### [Exercise directions]
Transcribe word for word the lines below from the line with "Givenchy Vintage 4G" through the line with "eCraftIndia Gold-Plated &", ends included.

### [Dataset records]
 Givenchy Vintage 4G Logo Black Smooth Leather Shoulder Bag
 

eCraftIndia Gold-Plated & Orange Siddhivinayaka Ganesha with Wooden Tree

...

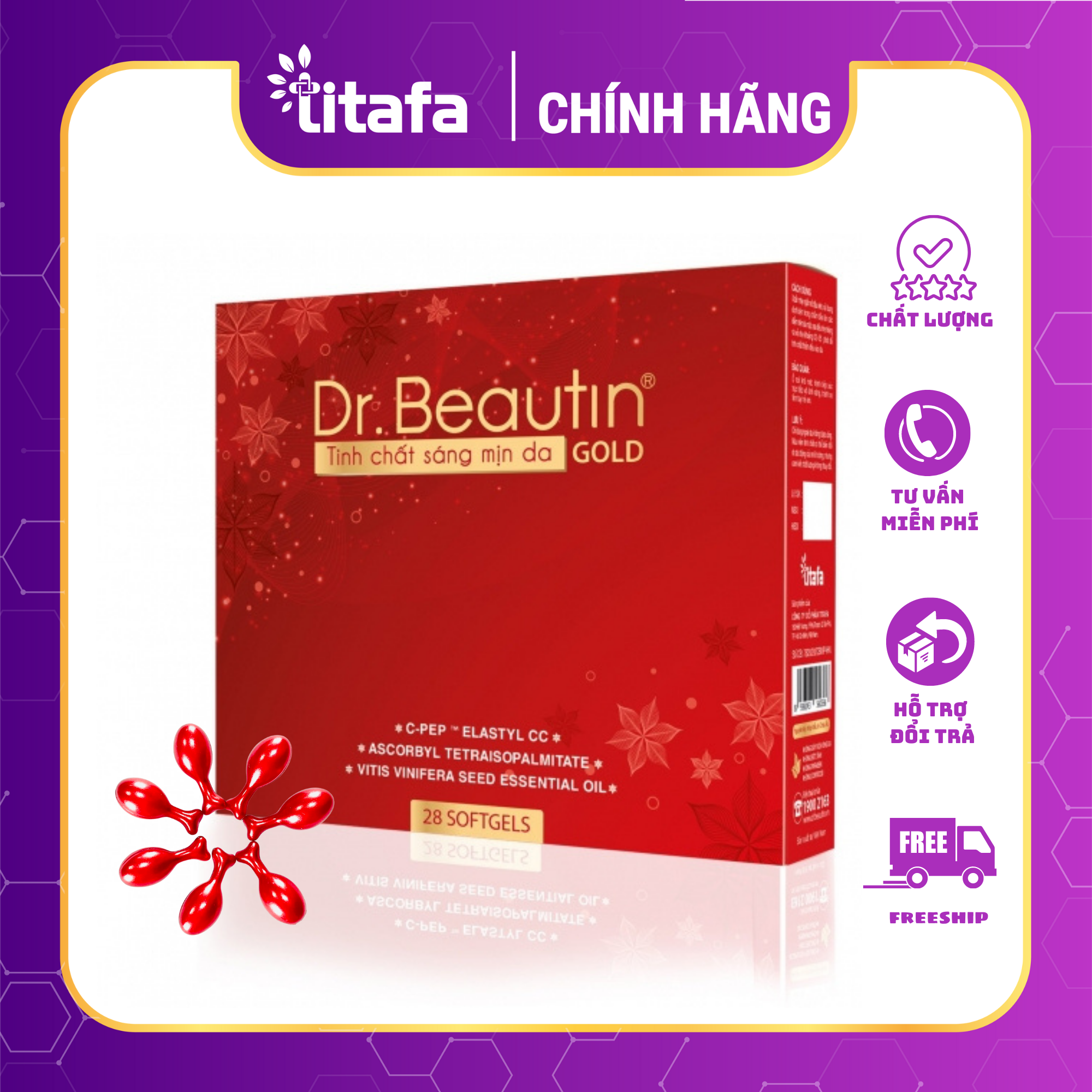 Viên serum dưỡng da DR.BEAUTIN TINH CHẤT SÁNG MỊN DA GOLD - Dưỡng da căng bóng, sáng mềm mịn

### [Solution]
 Givenchy Vintage 4G Logo Black Smooth Leather Shoulder Bag
 

eCraftIndia Gold-Plated & Orange Siddhivinayaka Ganesha with Wooden Tree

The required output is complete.